* _WHAT YOU SHOULD DO_:
Restate the records so that not a single word differs.

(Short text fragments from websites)
· · ·
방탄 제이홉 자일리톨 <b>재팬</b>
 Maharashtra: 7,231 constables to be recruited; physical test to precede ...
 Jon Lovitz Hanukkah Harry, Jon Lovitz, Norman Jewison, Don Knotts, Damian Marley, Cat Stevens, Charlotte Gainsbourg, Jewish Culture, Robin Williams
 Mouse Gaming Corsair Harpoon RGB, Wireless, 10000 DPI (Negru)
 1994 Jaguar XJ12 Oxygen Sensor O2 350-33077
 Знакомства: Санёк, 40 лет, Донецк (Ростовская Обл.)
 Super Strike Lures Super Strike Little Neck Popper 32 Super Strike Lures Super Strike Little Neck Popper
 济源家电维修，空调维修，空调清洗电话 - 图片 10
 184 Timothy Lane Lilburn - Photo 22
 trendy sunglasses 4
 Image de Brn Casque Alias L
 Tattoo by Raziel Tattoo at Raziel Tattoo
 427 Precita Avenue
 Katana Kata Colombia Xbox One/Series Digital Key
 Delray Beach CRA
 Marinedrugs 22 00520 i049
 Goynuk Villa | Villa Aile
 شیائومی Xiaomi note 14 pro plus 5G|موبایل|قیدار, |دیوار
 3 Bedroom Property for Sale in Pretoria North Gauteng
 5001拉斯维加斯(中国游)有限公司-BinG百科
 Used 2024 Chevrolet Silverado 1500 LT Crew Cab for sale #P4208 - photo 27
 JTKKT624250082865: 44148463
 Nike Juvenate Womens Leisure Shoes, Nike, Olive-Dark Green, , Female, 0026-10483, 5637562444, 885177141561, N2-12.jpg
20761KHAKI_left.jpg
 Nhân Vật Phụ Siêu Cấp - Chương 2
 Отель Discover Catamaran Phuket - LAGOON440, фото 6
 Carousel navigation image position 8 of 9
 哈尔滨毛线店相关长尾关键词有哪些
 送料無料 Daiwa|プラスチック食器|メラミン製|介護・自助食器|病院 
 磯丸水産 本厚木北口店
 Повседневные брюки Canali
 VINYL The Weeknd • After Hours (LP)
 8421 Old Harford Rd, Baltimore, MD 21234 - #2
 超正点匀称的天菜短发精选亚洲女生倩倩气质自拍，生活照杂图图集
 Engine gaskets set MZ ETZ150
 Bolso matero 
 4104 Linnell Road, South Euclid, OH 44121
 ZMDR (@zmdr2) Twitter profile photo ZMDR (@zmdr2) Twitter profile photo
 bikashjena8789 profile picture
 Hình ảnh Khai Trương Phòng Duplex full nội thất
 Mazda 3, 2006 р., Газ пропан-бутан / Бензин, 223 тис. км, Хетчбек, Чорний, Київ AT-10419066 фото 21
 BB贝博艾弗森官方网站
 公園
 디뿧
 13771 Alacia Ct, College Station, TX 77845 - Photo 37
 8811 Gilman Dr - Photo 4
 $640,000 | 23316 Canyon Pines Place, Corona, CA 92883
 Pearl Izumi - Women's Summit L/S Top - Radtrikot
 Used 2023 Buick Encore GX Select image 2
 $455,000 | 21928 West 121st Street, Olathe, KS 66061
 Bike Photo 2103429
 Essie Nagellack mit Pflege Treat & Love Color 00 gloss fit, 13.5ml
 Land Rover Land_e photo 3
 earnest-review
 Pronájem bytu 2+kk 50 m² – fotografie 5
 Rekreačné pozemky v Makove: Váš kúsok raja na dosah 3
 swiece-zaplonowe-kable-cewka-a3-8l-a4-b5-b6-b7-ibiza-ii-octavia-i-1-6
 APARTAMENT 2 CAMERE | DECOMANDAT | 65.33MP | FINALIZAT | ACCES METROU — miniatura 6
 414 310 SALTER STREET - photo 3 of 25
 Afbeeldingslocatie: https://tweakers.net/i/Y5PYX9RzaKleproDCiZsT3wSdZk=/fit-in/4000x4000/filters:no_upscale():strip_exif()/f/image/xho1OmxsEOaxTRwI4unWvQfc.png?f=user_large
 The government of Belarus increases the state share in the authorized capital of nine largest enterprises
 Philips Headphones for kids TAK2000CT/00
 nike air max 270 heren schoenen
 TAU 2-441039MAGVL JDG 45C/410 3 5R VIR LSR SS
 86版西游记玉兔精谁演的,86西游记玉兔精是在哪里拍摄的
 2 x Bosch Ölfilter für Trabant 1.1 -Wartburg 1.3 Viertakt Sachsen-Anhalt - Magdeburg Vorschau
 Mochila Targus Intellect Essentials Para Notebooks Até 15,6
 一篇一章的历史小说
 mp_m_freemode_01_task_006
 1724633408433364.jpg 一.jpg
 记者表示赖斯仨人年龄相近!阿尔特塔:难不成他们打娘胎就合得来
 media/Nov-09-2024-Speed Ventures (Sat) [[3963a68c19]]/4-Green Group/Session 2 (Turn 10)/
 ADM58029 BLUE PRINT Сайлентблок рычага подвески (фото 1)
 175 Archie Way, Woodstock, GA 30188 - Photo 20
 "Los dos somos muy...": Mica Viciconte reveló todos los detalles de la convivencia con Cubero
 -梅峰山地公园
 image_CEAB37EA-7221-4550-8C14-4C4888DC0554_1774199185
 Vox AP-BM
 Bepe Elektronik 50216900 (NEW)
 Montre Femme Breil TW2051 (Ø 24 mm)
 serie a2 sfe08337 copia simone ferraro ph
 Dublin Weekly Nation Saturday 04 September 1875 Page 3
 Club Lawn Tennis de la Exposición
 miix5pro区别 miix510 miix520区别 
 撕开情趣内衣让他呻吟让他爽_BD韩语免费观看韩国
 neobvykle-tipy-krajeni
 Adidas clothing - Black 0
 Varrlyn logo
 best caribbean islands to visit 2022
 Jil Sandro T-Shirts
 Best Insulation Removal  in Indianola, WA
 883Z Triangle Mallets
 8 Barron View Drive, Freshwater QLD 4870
· · ·
* _EXERCISE RESPONSE_:
방탄 제이홉 자일리톨 <b>재팬</b>
 Maharashtra: 7,231 constables to be recruited; physical test to precede ...
 Jon Lovitz Hanukkah Harry, Jon Lovitz, Norman Jewison, Don Knotts, Damian Marley, Cat Stevens, Charlotte Gainsbourg, Jewish Culture, Robin Williams
 Mouse Gaming Corsair Harpoon RGB, Wireless, 10000 DPI (Negru)
 1994 Jaguar XJ12 Oxygen Sensor O2 350-33077
 Знакомства: Санёк, 40 лет, Донецк (Ростовская Обл.)
 Super Strike Lures Super Strike Little Neck Popper 32 Super Strike Lures Super Strike Little Neck Popper
 济源家电维修，空调维修，空调清洗电话 - 图片 10
 184 Timothy Lane Lilburn - Photo 22
 trendy sunglasses 4
 Image de Brn Casque Alias L
 Tattoo by Raziel Tattoo at Raziel Tattoo
 427 Precita Avenue
 Katana Kata Colombia Xbox One/Series Digital Key
 Delray Beach CRA
 Marinedrugs 22 00520 i049
 Goynuk Villa | Villa Aile
 شیائومی Xiaomi note 14 pro plus 5G|موبایل|قیدار, |دیوار
 3 Bedroom Property for Sale in Pretoria North Gauteng
 5001拉斯维加斯(中国游)有限公司-BinG百科
 Used 2024 Chevrolet Silverado 1500 LT Crew Cab for sale #P4208 - photo 27
 JTKKT624250082865: 44148463
 Nike Juvenate Womens Leisure Shoes, Nike, Olive-Dark Green, , Female, 0026-10483, 5637562444, 885177141561, N2-12.jpg
20761KHAKI_left.jpg
 Nhân Vật Phụ Siêu Cấp - Chương 2
 Отель Discover Catamaran Phuket - LAGOON440, фото 6
 Carousel navigation image position 8 of 9
 哈尔滨毛线店相关长尾关键词有哪些
 送料無料 Daiwa|プラスチック食器|メラミン製|介護・自助食器|病院 
 磯丸水産 本厚木北口店
 Повседневные брюки Canali
 VINYL The Weeknd • After Hours (LP)
 8421 Old Harford Rd, Baltimore, MD 21234 - #2
 超正点匀称的天菜短发精选亚洲女生倩倩气质自拍，生活照杂图图集
 Engine gaskets set MZ ETZ150
 Bolso matero 
 4104 Linnell Road, South Euclid, OH 44121
 ZMDR (@zmdr2) Twitter profile photo ZMDR (@zmdr2) Twitter profile photo
 bikashjena8789 profile picture
 Hình ảnh Khai Trương Phòng Duplex full nội thất
 Mazda 3, 2006 р., Газ пропан-бутан / Бензин, 223 тис. км, Хетчбек, Чорний, Київ AT-10419066 фото 21
 BB贝博艾弗森官方网站
 公園
 디뿧
 13771 Alacia Ct, College Station, TX 77845 - Photo 37
 8811 Gilman Dr - Photo 4
 $640,000 | 23316 Canyon Pines Place, Corona, CA 92883
 Pearl Izumi - Women's Summit L/S Top - Radtrikot
 Used 2023 Buick Encore GX Select image 2
 $455,000 | 21928 West 121st Street, Olathe, KS 66061
 Bike Photo 2103429
 Essie Nagellack mit Pflege Treat & Love Color 00 gloss fit, 13.5ml
 Land Rover Land_e photo 3
 earnest-review
 Pronájem bytu 2+kk 50 m² – fotografie 5
 Rekreačné pozemky v Makove: Váš kúsok raja na dosah 3
 swiece-zaplonowe-kable-cewka-a3-8l-a4-b5-b6-b7-ibiza-ii-octavia-i-1-6
 APARTAMENT 2 CAMERE | DECOMANDAT | 65.33MP | FINALIZAT | ACCES METROU — miniatura 6
 414 310 SALTER STREET - photo 3 of 25
 Afbeeldingslocatie: https://tweakers.net/i/Y5PYX9RzaKleproDCiZsT3wSdZk=/fit-in/4000x4000/filters:no_upscale():strip_exif()/f/image/xho1OmxsEOaxTRwI4unWvQfc.png?f=user_large
 The government of Belarus increases the state share in the authorized capital of nine largest enterprises
 Philips Headphones for kids TAK2000CT/00
 nike air max 270 heren schoenen
 TAU 2-441039MAGVL JDG 45C/410 3 5R VIR LSR SS
 86版西游记玉兔精谁演的,86西游记玉兔精是在哪里拍摄的
 2 x Bosch Ölfilter für Trabant 1.1 -Wartburg 1.3 Viertakt Sachsen-Anhalt - Magdeburg Vorschau
 Mochila Targus Intellect Essentials Para Notebooks Até 15,6
 一篇一章的历史小说
 mp_m_freemode_01_task_006
 1724633408433364.jpg 一.jpg
 记者表示赖斯仨人年龄相近!阿尔特塔:难不成他们打娘胎就合得来
 media/Nov-09-2024-Speed Ventures (Sat) [[3963a68c19]]/4-Green Group/Session 2 (Turn 10)/
 ADM58029 BLUE PRINT Сайлентблок рычага подвески (фото 1)
 175 Archie Way, Woodstock, GA 30188 - Photo 20
 "Los dos somos muy...": Mica Viciconte reveló todos los detalles de la convivencia con Cubero
 -梅峰山地公园
 image_CEAB37EA-7221-4550-8C14-4C4888DC0554_1774199185
 Vox AP-BM
 Bepe Elektronik 50216900 (NEW)
 Montre Femme Breil TW2051 (Ø 24 mm)
 serie a2 sfe08337 copia simone ferraro ph
 Dublin Weekly Nation Saturday 04 September 1875 Page 3
 Club Lawn Tennis de la Exposición
 miix5pro区别 miix510 miix520区别 
 撕开情趣内衣让他呻吟让他爽_BD韩语免费观看韩国
 neobvykle-tipy-krajeni
 Adidas clothing - Black 0
 Varrlyn logo
 best caribbean islands to visit 2022
 Jil Sandro T-Shirts
 Best Insulation Removal  in Indianola, WA
 883Z Triangle Mallets
 8 Barron View Drive, Freshwater QLD 4870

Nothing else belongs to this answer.